Available data:
......
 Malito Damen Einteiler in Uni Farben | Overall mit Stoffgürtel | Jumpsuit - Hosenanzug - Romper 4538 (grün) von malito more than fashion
......
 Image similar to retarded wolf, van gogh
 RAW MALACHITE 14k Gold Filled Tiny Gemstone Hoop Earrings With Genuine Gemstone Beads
......
Task item: Go to the line in the material above that contains "Image similar to retarded wolf, van gogh" and copy exactly from there through the line that contains "RAW MALACHITE 14k", stopping after it.

Answer to the exercise:
 Image similar to retarded wolf, van gogh
 RAW MALACHITE 14k Gold Filled Tiny Gemstone Hoop Earrings With Genuine Gemstone Beads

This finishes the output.